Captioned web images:

────

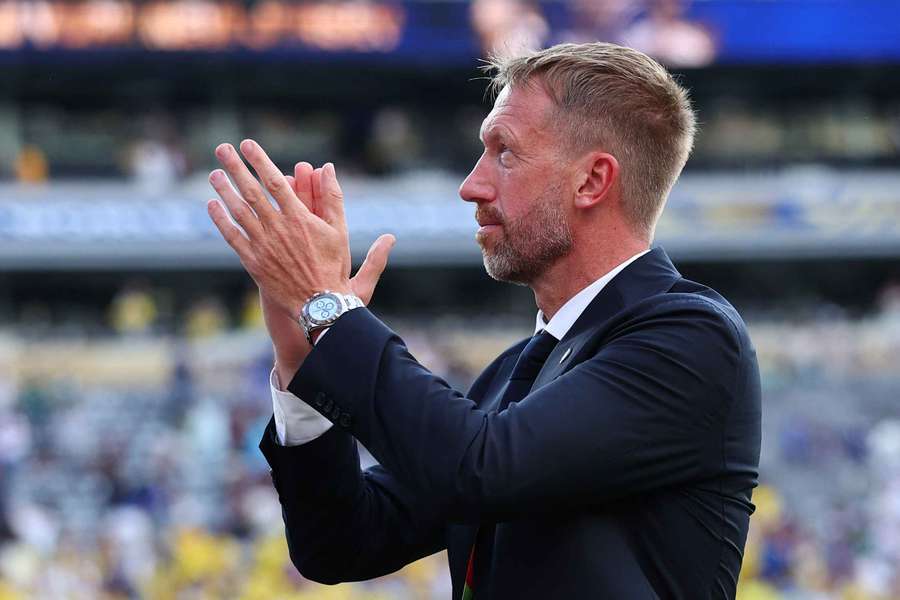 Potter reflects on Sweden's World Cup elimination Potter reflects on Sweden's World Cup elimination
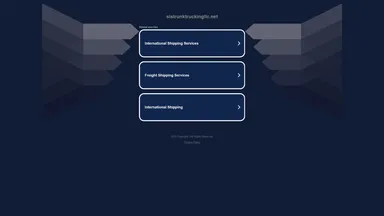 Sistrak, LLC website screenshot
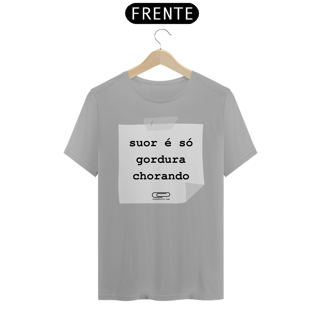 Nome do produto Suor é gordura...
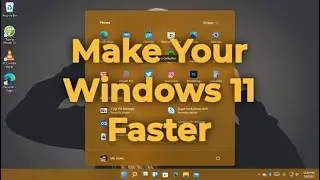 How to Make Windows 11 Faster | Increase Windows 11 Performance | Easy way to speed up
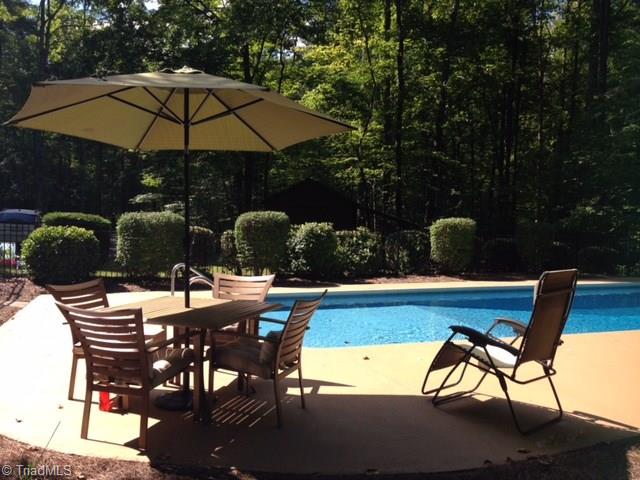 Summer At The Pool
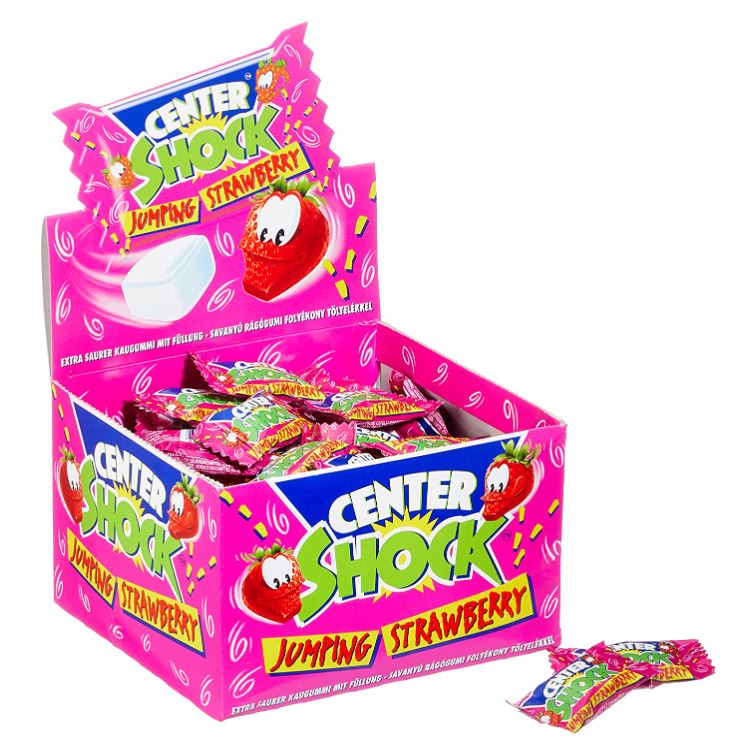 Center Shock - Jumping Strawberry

────

▸ Work to complete
Transcribe all of the entries word for word, but skip any pictures they contain.

▸ Result of the exercise
 Potter reflects on Sweden's World Cup elimination Potter reflects on Sweden's World Cup elimination
 Sistrak, LLC website screenshot
 Nome do produto Suor é gordura...
 How to Make Windows 11 Faster | Increase Windows 11 Performance | Easy way to speed up
 Summer At The Pool
 Center Shock - Jumping Strawberry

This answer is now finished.